The methane seeps found are in Alaska and Greenland in lakes along the margins of ice cover.
Samples showed that some of these are releasing the ancient methane, perhaps from natural gas or coal deposits underneath the lakes, whereas others are emitting much younger gas, presumably formed through decay of plant material in the lakes.
"We observed most of these cryosphere-cap seeps in lakes along the boundaries of permafrost thaw and in moraines and fjords of retreating glaciers," the report, led by Katey Walter Anthony from the University of Alaska at Fairbanks (UAF), said.
Emphasizing the point that warming in the Arctic is releasing this long-stored carbon.
"If this relationship holds true for other regions where sedimentary basins are at present capped by permafrost, glaciers and ice sheets, such as northern West Siberia, rich in natural gas and partially underlain by thin permafrost predicted to degrade substantially by 2100, a very strong increase in methane carbon cycling will result, with potential implications for climate warming feedbacks."

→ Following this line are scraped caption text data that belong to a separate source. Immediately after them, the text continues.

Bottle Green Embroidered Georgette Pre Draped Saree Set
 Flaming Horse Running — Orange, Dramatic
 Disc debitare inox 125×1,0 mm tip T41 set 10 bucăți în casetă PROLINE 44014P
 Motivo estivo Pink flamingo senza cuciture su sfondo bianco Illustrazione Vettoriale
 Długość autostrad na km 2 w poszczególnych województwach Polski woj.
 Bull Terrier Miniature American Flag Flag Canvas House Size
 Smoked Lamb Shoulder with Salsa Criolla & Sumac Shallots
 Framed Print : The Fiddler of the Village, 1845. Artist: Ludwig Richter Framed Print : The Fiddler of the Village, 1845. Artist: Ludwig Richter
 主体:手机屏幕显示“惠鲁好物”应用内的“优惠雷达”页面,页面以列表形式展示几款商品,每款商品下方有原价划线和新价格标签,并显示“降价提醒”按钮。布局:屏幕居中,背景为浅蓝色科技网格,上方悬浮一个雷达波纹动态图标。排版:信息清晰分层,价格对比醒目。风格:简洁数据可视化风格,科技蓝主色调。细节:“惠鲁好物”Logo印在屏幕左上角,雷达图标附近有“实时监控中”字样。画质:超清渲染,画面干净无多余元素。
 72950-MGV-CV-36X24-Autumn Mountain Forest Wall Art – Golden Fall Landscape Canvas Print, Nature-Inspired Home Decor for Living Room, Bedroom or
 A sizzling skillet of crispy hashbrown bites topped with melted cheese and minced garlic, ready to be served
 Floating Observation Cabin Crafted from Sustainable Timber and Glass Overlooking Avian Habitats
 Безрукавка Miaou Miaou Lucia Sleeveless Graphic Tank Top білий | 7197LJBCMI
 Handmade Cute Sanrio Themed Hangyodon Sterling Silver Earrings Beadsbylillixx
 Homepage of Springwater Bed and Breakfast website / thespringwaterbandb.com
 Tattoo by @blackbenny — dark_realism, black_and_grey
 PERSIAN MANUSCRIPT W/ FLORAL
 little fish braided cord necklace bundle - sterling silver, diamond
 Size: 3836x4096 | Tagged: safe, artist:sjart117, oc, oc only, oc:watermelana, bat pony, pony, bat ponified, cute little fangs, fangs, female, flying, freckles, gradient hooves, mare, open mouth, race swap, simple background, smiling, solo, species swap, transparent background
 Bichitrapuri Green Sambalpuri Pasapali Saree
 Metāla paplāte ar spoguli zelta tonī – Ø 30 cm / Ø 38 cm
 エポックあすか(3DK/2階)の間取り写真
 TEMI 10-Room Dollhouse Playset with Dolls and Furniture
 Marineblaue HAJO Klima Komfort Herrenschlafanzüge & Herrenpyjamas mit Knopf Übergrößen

The region stores vast quantities of the gas in different places - in and under permafrost on land, on and under the sea bed, and - as evidenced by the latest research - in geological reservoirs.
"The Arctic is the fastest warming region on the planet, and has many methane sources that will increase as the temperature rises," commented Prof Euan Nisbet from Royal Holloway, University of London, who is also involved in Arctic methane research.
"This is yet another serious concern: the warming will feed the warming."